----- Record extracts -----

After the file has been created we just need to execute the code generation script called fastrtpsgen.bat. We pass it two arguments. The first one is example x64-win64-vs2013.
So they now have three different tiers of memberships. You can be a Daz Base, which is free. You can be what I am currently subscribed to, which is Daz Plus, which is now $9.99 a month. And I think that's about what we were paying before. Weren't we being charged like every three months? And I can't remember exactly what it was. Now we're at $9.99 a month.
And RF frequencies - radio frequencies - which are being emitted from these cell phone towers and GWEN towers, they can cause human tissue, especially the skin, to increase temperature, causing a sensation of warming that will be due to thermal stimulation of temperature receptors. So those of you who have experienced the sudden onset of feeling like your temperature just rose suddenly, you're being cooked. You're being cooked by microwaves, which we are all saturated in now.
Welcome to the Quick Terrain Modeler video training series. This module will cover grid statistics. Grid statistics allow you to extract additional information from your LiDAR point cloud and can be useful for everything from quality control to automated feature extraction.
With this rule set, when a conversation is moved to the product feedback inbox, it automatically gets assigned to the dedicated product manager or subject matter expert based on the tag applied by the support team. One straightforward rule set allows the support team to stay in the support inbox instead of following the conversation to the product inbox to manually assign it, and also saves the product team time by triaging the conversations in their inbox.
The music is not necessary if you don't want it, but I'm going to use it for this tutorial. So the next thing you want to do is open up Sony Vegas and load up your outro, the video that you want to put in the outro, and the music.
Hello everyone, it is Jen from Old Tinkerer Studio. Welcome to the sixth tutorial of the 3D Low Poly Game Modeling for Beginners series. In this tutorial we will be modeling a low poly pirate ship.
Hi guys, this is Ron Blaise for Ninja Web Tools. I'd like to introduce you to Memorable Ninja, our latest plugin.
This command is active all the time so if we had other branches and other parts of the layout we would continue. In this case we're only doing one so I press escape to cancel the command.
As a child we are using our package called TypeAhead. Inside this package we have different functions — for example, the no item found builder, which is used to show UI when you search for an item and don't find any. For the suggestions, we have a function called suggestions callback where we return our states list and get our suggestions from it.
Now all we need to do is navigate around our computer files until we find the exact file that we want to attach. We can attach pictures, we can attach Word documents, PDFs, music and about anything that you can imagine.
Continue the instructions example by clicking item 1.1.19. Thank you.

-----
----- Record extracts -----

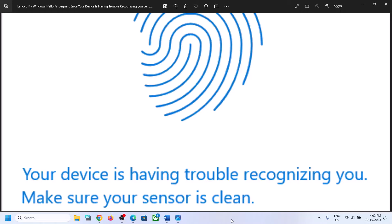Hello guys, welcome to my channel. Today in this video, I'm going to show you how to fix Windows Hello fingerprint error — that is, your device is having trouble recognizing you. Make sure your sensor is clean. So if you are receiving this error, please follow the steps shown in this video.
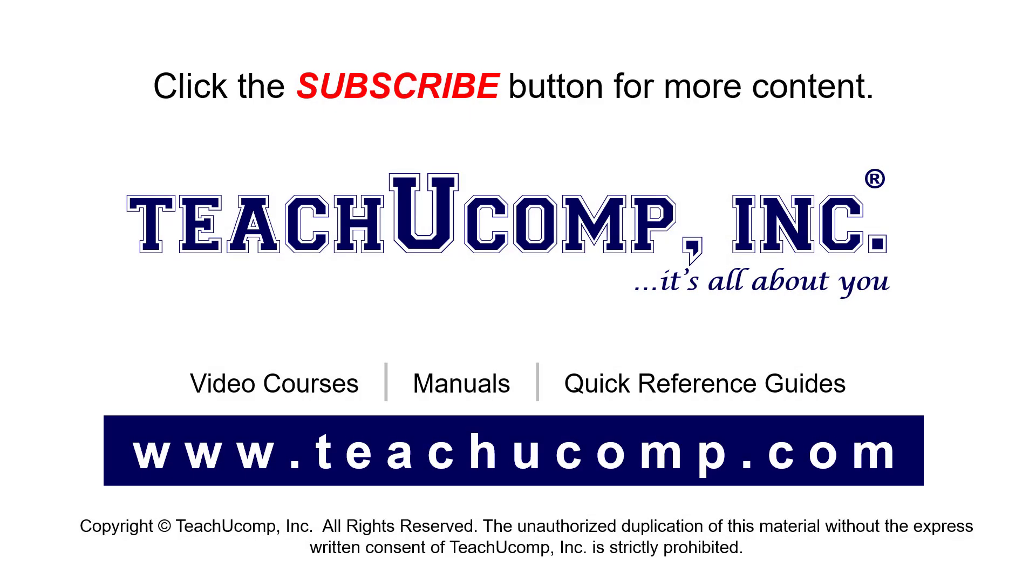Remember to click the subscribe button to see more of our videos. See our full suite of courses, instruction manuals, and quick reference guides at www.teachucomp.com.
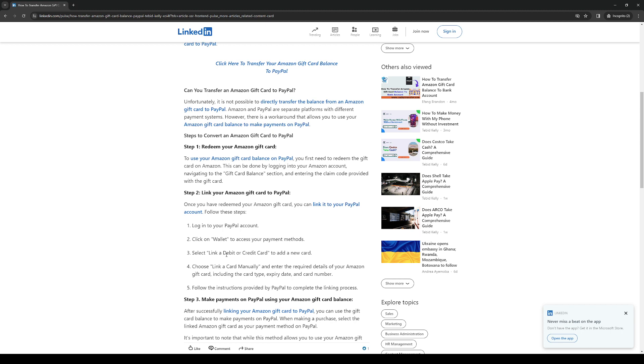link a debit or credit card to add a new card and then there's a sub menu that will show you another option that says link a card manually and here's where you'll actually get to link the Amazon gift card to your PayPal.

-----

• Your objective
Among the entries above, the lines between the ones containing "After the file" and "Welcome to the Quick", inclusive, are to be transcribed exactly. No other line is to be given.

• Answer to the problem
After the file has been created we just need to execute the code generation script called fastrtpsgen.bat. We pass it two arguments. The first one is example x64-win64-vs2013.
So they now have three different tiers of memberships. You can be a Daz Base, which is free. You can be what I am currently subscribed to, which is Daz Plus, which is now $9.99 a month. And I think that's about what we were paying before. Weren't we being charged like every three months? And I can't remember exactly what it was. Now we're at $9.99 a month.
And RF frequencies - radio frequencies - which are being emitted from these cell phone towers and GWEN towers, they can cause human tissue, especially the skin, to increase temperature, causing a sensation of warming that will be due to thermal stimulation of temperature receptors. So those of you who have experienced the sudden onset of feeling like your temperature just rose suddenly, you're being cooked. You're being cooked by microwaves, which we are all saturated in now.
Welcome to the Quick Terrain Modeler video training series. This module will cover grid statistics. Grid statistics allow you to extract additional information from your LiDAR point cloud and can be useful for everything from quality control to automated feature extraction.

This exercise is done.